Bitcoin recently fell below $60,000, causing significant investor losses and raising questions about its reliability as a hedge. Billionaire Mark Cuban revealed he sold most of his Bitcoin, expressing disappointment. Meanwhile, Hyperliquid (HYPE) performed differently, hitting an all-time high of $75.48 amidst the broader market downturn. The analysis concludes that neither cryptocurrency is a proven hedge, citing their high volatility compared to the established track record of gold.
The cryptocurrency sector has faced substantial losses over recent months. Bitcoin briefly fell below $60,000 last week, causing significant worry among investors.

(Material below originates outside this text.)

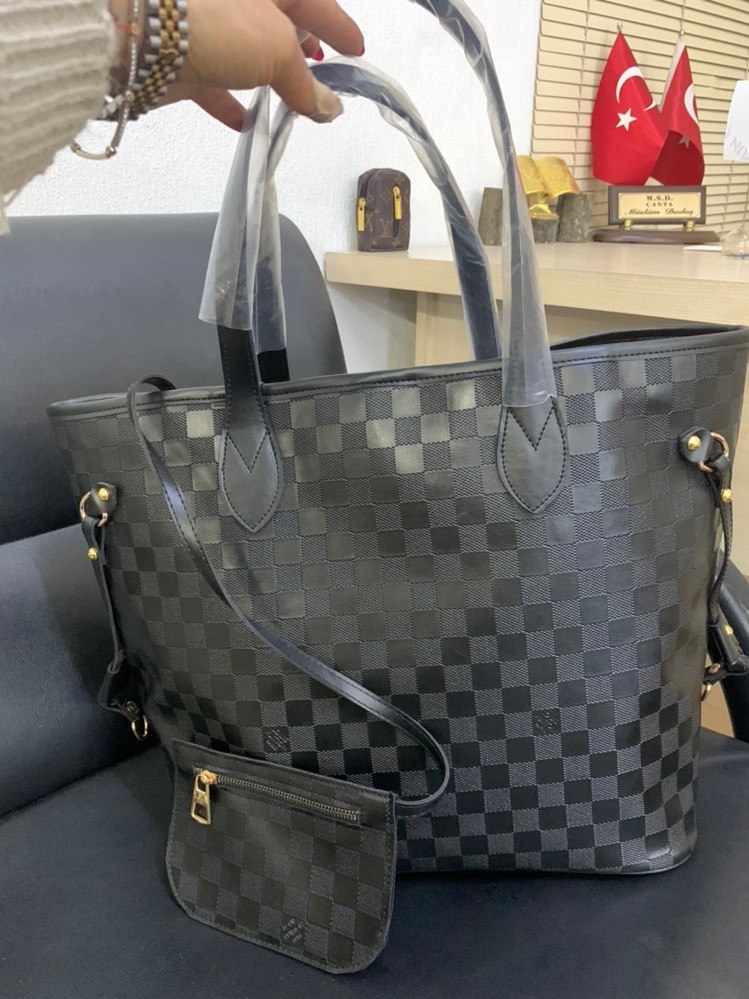 Женская сумка черная Louis Vuitton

Billionaire Mark Cuban recently revealed he has sold most of his Bitcoin holdings. Cuban stated he was disappointed in BTC’s inability to act as a hedge amid market instability.
While Bitcoin faced a severe dip, Hyperliquid (HYPE) was hitting all-time highs. HYPE hit its most recent peak of $75.48 on June 2, 2026.
HYPE’s rally is likely due to its ETF launch in May and increased buy backs. This upswing presents a stark contrast to the larger crypto market’s performance.
However, analysis suggests HYPE is most likely not a good hedge. The same conclusion applies to Bitcoin and the larger crypto market, which is a high-risk sector.
Prices in cryptocurrency fluctuate on a scale not seen in other finance markets. They face high volatility during times of geopolitical tension and macroeconomic uncertainty.
The only hedge with a proven track record is gold. Gold’s position was proven again when it surged to record highs during market turmoil earlier this year.